The cash flow during build (12 months):

  • Construction loan interest (cumulative): ~$15,500.
  • Rent at $480/week: ~$25,000.
  • Total: ~$40,500.

Pre-funded buffer: $20,000 cash kept aside specifically for variations and overrun. Used $11,000 on landscaping and an upgraded oven.

Outcome: Build completed in month 13 (1 month over schedule, normal). Liam moved in. Loan converted to standard at 5.84% over 30 years. Repayment $4,290/month, comfortable on his income.

Key lesson: House-and-land packages from established project builders are the cleanest construction lending file pattern. Choose a builder with strong lender accreditation and a HIA standard contract, and the process flows smoothly.

Case study B — Knock-down-rebuild upgrader

The borrowers: Karen and Pradeep, ages 42 and 44. Two children.

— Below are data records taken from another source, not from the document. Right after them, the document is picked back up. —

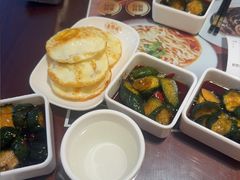 -老淮城·长鱼面(河下古镇店)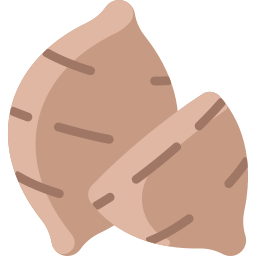 süßkartoffel icon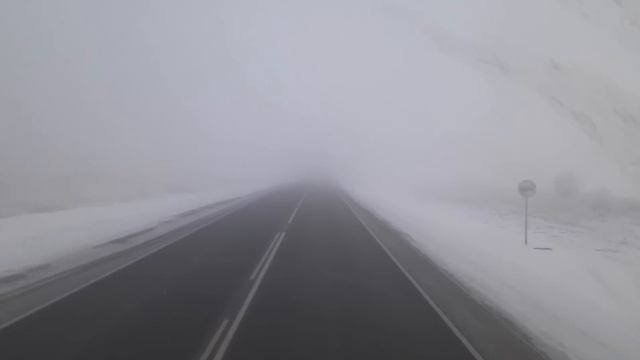 Дорога Братск-Кемерово. Горная местность. Дальнобой без опыта. смотреть онлайн
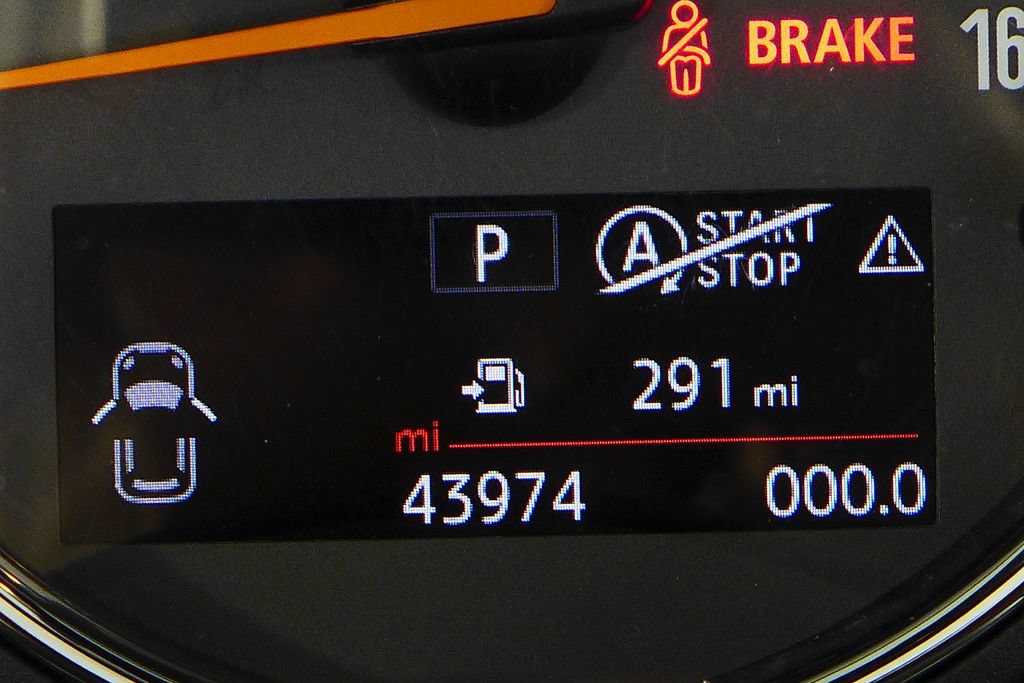 Used 2020 MINI Cooper S w/ Storage Package FWD image 30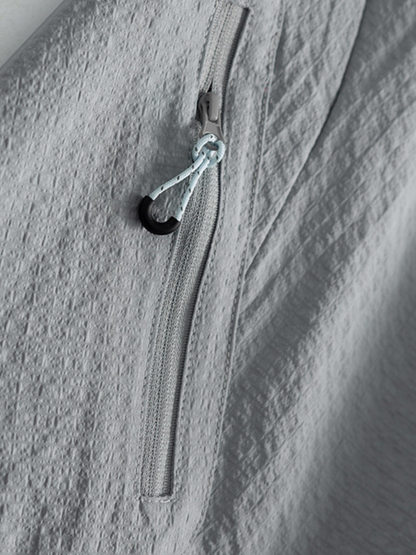 Thalax - Women's Large Pockets Water-Repellent Paratrooper Pants
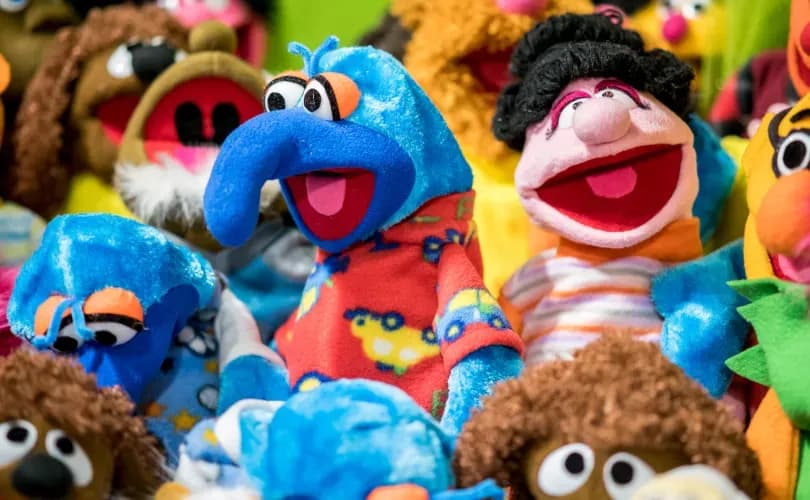 Sesame Street ‘Pride Month’ posts reinforce Republican legislators' push to defund PBS
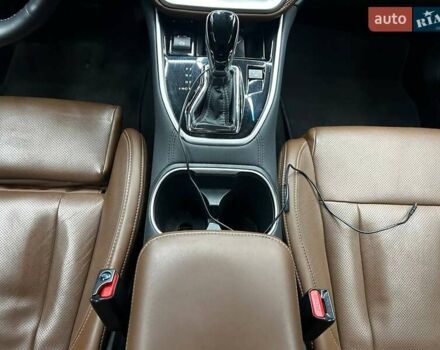 Білий Субару Аутбек, об'ємом двигуна 2.39 л та пробігом 82 тис. км за 29000 $, фото 16 на Automoto.ua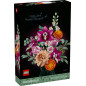Lego ramo de flores fantasa en rosa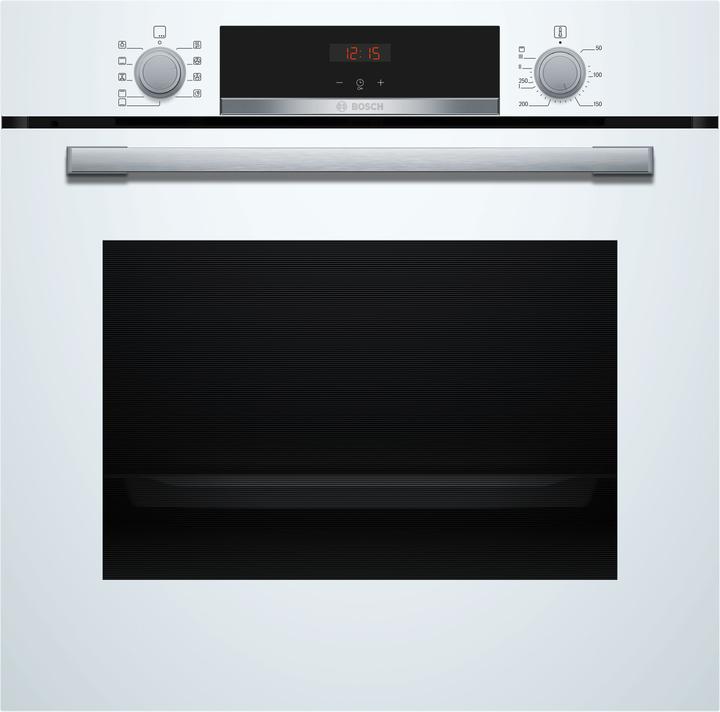 Immagine prodotto Bosch Hausgeräte Serie 4 HBA534BW3 Forno da incasso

Existing weatherboard house in inner-Melbourne purchased 11 years ago for $620,000; now worth $1,150,000 (mostly land value). Current loan: $185,000.

The plan: Demolish existing house and build new 4-bedroom contemporary home for $1,150,000. Family rents elsewhere during build.

The structure:

  • Refinance existing $185,000 loan; release equity.
  • Demolition contract: $25,000 (paid from cash plus initial draw).
  • New build contract: $1,150,000 fixed-price with established builder.
  • Land value post-demolition: $980,000. New post-completion estimated value: $1,950,000.
  • New loan total: $1,235,000 (existing $185k + demolition $25k + build $1,025k after deposit). LVR 63% on completion value.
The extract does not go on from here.